Многие советские адвокаты не выдерживают этого психологического натиска, судебного террора и в своей защитительной речи, вполне соглашаясь с прокурором и присоединяясь к его мнению, просят лишь о снисхождении к обвиняемым, а также и к себе. Где же взять силы и мужества, когда кругом кровь, слезы, стоны, невинно осужденные, бесконечные ссылки на верную гибель, провокации следственных органов и прокуроров и многочисленные смертные приговоры?
Суд, прокуратура, следователи — это термины, краденные из европейского и американского обихода, и понятия эти совершенно не подходят к советской судебной системе. Будет понятнее, если советскую юстицию назовут кухней и лакейской: прокуроры и следователи, как повара, крошат, рубят, пропускают через мясорубку и жарят, а судьи, как лакеи, подают на судейский стол для общественного питания омерзительные кушания с отвратительным гарниром и под кровавым соусом, в соответствии с сегодняшним партийным меню.
Я в своих записках останавливался на эпохе НЭПа, т. е. на золотом веке советской юстиции, когда вышли кодексы, подчас хорошо комментированные, с систематически расположенным материалом, когда советские судьи соревновались друг с другом, кто сумеет больше и «чище» «взять» и когда адвокату было положительно совестно просить у суда удовлетворить его иск только потому, что так написано в законе.

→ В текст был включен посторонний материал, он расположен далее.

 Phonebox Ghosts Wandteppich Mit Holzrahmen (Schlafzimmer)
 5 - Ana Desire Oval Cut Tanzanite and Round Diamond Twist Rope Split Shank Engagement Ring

Я остановился также на страшном периоде деятельности суда в «эпоху мирного строительства социализма», где суд, наряду с органами НКВД, был бесчеловечным кровавым палачом народа, когда уже не играли роли ни кодексы, ни законы, ни справедливость, но только директива партии: «Если не будете ставить к стенке вы, мы будем ставить к стенке вас».
В 1935 году я был «вычищен», и карьера моя в качестве адвоката закончилась.
Отойдя, хотя и вынужденно, от этого дела и оглянувшись на все события, я понял, что я рано или поздно попал бы в еще большую беду, так как примириться с такой системой советского правосудия, в основе которой лежит партийный произвол, весьма трудно и подчас совершенно нестерпимо. Когда прокурор является носителем морального и физического насилия, а защита должна быть покорной, послушной и почти бессловесной рабыней, когда в душе все кипит и клокочет — в эти моменты легко сорваться с крутого скользкого обрыва и упасть в бездну.
Полгода я был безработным и дошел до состояния крайней нужды и нищеты. Куда бы я ни обращался за работой, я получал отказ, так как я был «вычищен», да еще по требованию областного прокурора. Наконец я получил место юрисконсульта в одном кооперативном учреждении, откуда мой предшественник был удален за пьянство. В дальнейшем я наблюдал «работу» судебно-следственных органов уже в качестве юрисконсульта различных хозяйственных организаций до и во время войны.
Разврат в органах юстиции, с такой охотой воспринятый судебными работниками сверху до низу, прочно укрепился в советской судебной «семье». Он является началом и фундаментом советских «судебных традиций», и, как неизбежный вывод из этого положения, советская юстиция превратилась в охоту на людей. Задачи советской судебной системы те же, что и НКВД, т. е. приведение населения к полной покорности. В общей массе народ является врагом социализма, и поэтому он должен быть забит так, чтобы не посмел поднять глаз на лучезарный лик своего владыки-поработителя. В этом партия видит воспитательное значение суда.
Бесправие, судебный произвол и безумная жестокость советской судебной политики не менее тягостны, чем экономические лишения и разруха в стране социализма. Они не только спутники, но движущая сила при построении бесклассового общества.